Estimating memory requirements based on model syntax

Happy New Year, everyone! I reviewed the previous topics about memory but can’t find a response, so I am creating a new one. I am sorry if I am duplicating information.

I fit a model to a relatively large dataset using the university’s HPC and need to estimate the required memory to run memory-efficient jobs. Here is the model syntax.
dghirt.stan (7.3 KB)

This is the code I am using to fit the model (as a test run, but also initialize the model later using some starting parameters)

data_resp <- list(
  J              = length(unique(mpr_long$iid)),
  I              = length(unique(mpr_long$pid)),
  n_obs          = nrow(mpr_long),
  p_loc          = mpr_long$pid,
  i_loc          = mpr_long$iid,
  RT             = log(mpr_long$task_response_time_ms/1000),
  Y              = mpr_long$task_grade
)

# Compile the model syntax

mod <- cmdstan_model('./dghirt.stan')

# Fit the model

fit_init <- mod$sample(
  data            = data_resp,
  seed            = 1234,
  chains          = 1,
  iter_warmup     = 150,
  iter_sampling   = 250,
  refresh         = 10,
  adapt_delta     = 0.95)

# Save the model obect

fit_init$save_object('./dghirt_mpr_initialize.RDS')

For one of the datasets I am using, I equals 170,341 and J equals 2504, and the dimensions of all parameters in the model syntax are defined based on I and J.

When I initially ran this model with these settings, it finished the iterations but was killed due to OOM when it was saving the model object at the last line. I requested 8 GB memory, and it used the max of 5.29 GB before it killed the job.

State: OUT_OF_MEMORY (exit code 0)
Cores: 1
CPU Utilized: 2-02:45:11
CPU Efficiency: 99.31% of 2-03:06:29 core-walltime
Job Wall-clock time: 2-03:06:29
Memory Utilized: 5.29 GB
Memory Efficiency: 66.18% of 8.00 GB

Then, I increased the memory and resubmitted the job. It ran iterations and finished with success after saving the model object. This time, it used 22.26 GB.

State: COMPLETED (exit code 0)
Cores: 1
CPU Utilized: 4-07:52:30
CPU Efficiency: 99.34% of 4-08:33:47 core-walltime
Job Wall-clock time: 4-08:33:47
Memory Utilized: 22.26 GB
Memory Efficiency: 92.74% of 24.00 GB

So, I assume most of the memory was consumed at the end when it was saving the model object, and I assume the size of this model object is a function of

  • number of model parameters
  • number of chains
  • number of sampling iterations per chain

How do I verify that it took about 17 GB of memory when saving the model object based on the dimensions of parameters in the model?

I want to fit the same model to the data with four chains, 250 warm-up iterations, and 1250 sampling iterations.

fit <- mod$sample(
  data            = data_resp,
  seed            = 1234,
  chains          = 1,
  parallel_chains = 4,
  iter_warmup     = 250,
  iter_sampling   = 1250,
  refresh         = 10,
  init            = list(start,start,start,start))

# Save the model object

fit$save_object('/gpfs/projects/edquant/cengiz/duolingo_dghirt/dghirt_mpr.RDS')

I am trying to predict how much memory I will need for this new setup.
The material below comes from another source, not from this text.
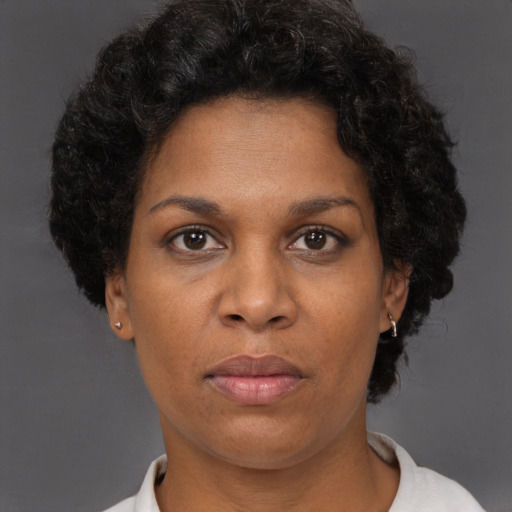 Neutral black adult female with short  brown hair and brown eyes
This will take a long time to finish, so I don’t want to wait a couple of weeks and find out the OOM error at the end when saving the model object.

Assuming it consumes around 5.3GB when running the model using a simple chain, I think it will take about 21GB-22GB to run four chains simultaneously. Then, how do I scale up the memory required to save this object at the end, given that it took 17 GB during the initial run with 150 warmups and 250 sampling iterations?

Thank you for any input and guidance on understanding how memory requirements work for running jobs and saving model objects. I think it would be helpful to understand how much memory is required to run the iterations and save the model object based on the model syntax (using the size of model parameters).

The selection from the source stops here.